> Assigned task:
Retype the records word for word. Skip every image.

> Input data:
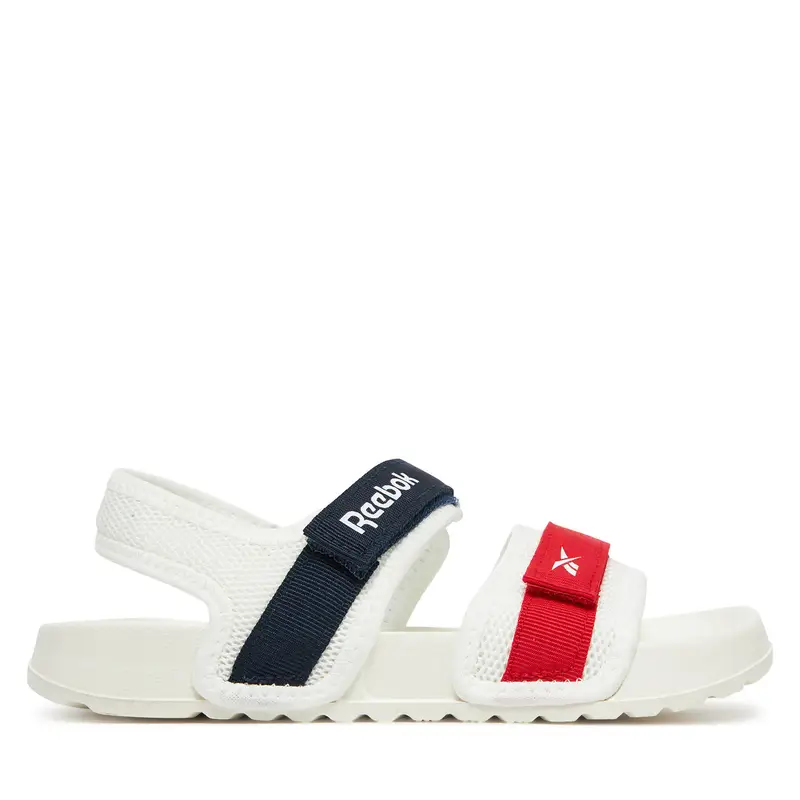 Reebok Sandali CP50-26023(IV) Bianco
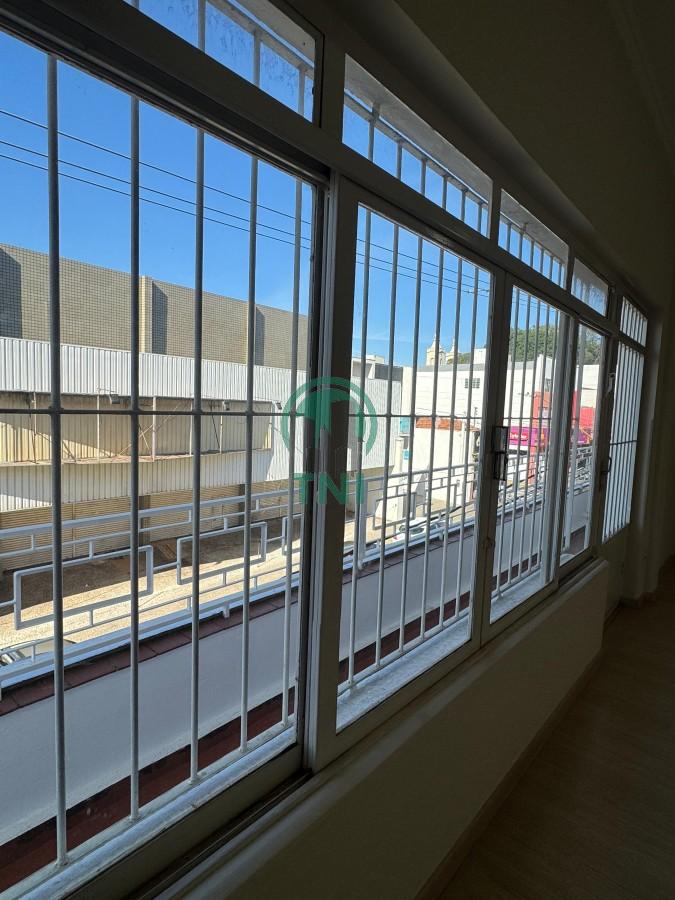 Comercial para alugar com 1 banheiro e 45m² no Centro, Tatuí (SP) — foto 6 de 8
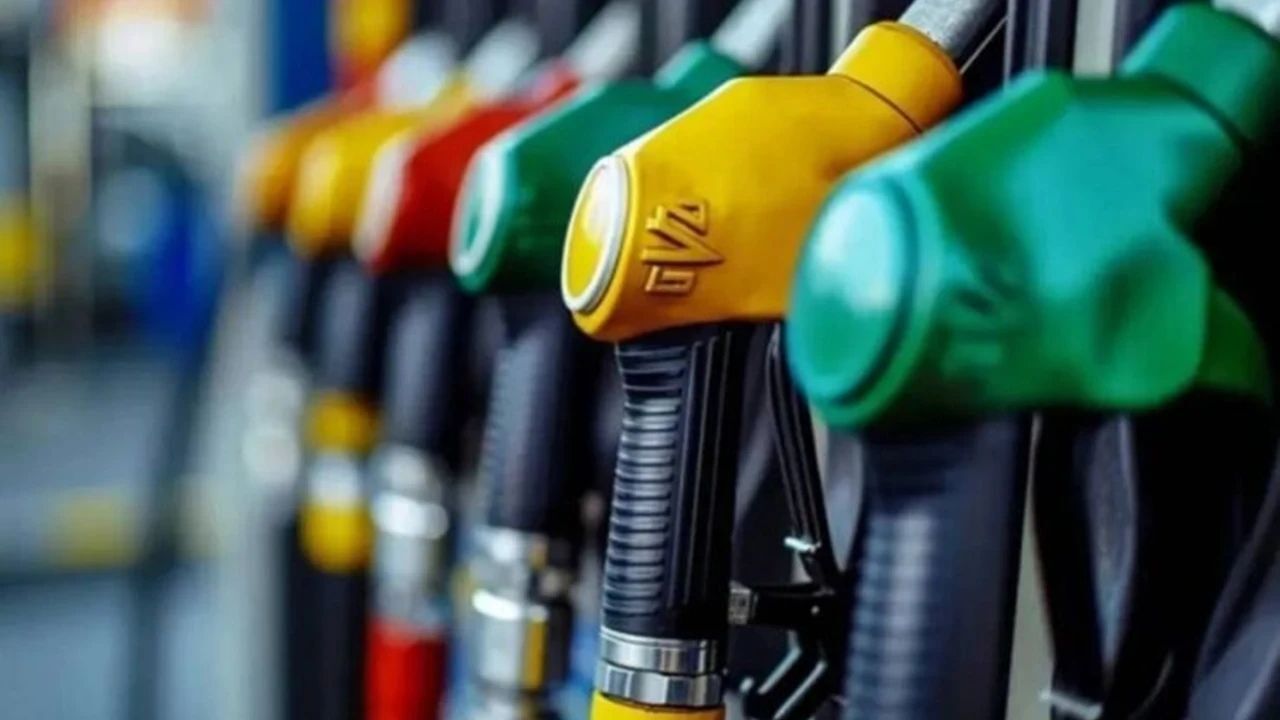 Yeni zam yolda: Fiyatlar yarından itibaren artacak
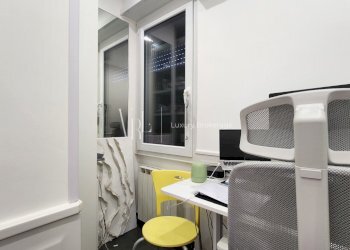 18.jpg - Appartamento Roma - foto 18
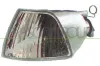 Blinkleuchte vorne links PRASCO CI0534014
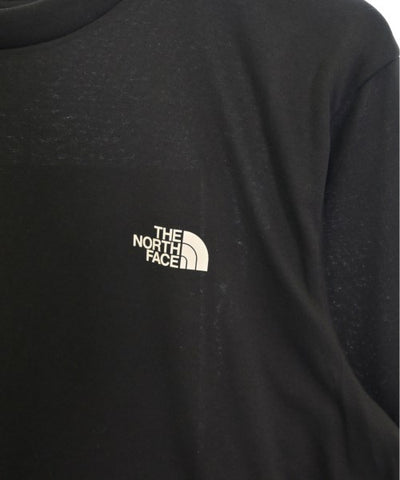 THE NORTH FACE Tee Shirts/Tops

> Answer area:
 Reebok Sandali CP50-26023(IV) Bianco
 Comercial para alugar com 1 banheiro e 45m² no Centro, Tatuí (SP) — foto 6 de 8
 Yeni zam yolda: Fiyatlar yarından itibaren artacak
 18.jpg - Appartamento Roma - foto 18
 Blinkleuchte vorne links PRASCO CI0534014
 THE NORTH FACE Tee Shirts/Tops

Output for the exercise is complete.